§ DATASET EXCERPTS:
● ● ● ● ● ● ●
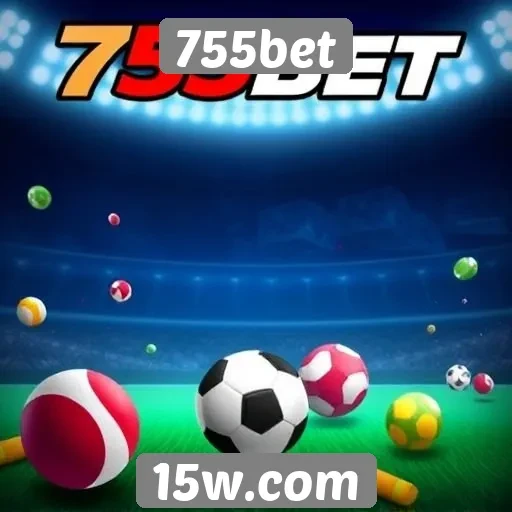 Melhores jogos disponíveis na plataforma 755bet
● ● ● ● ● ● ●
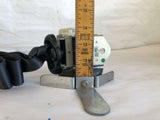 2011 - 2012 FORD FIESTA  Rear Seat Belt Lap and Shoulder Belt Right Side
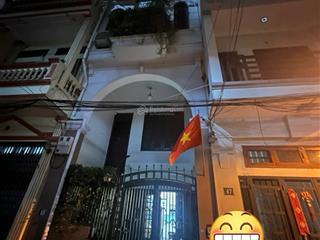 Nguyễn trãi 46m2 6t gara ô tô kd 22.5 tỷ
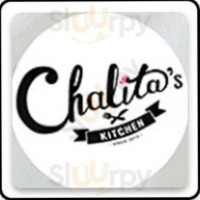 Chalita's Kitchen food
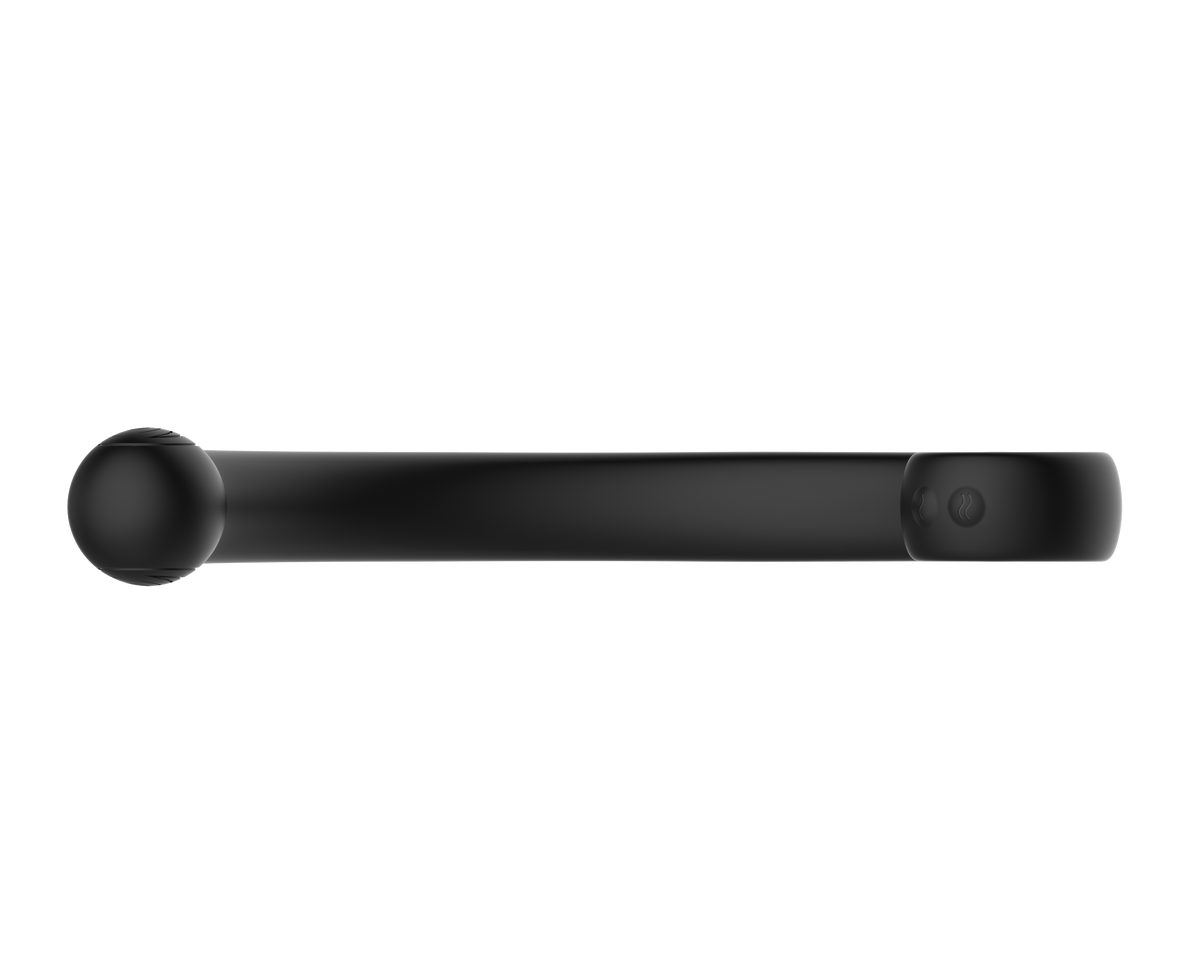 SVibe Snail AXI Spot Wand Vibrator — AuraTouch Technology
● ● ● ● ● ● ●
Taking the material above, give again exactly the lines from the one holding "Nguyễn trãi 46m2 6t gara ô tô kd 22.5 tỷ" through the one holding "SVibe Snail AXI", with both ends and without pictures.

 Nguyễn trãi 46m2 6t gara ô tô kd 22.5 tỷ
 Chalita's Kitchen food
 SVibe Snail AXI Spot Wand Vibrator — AuraTouch Technology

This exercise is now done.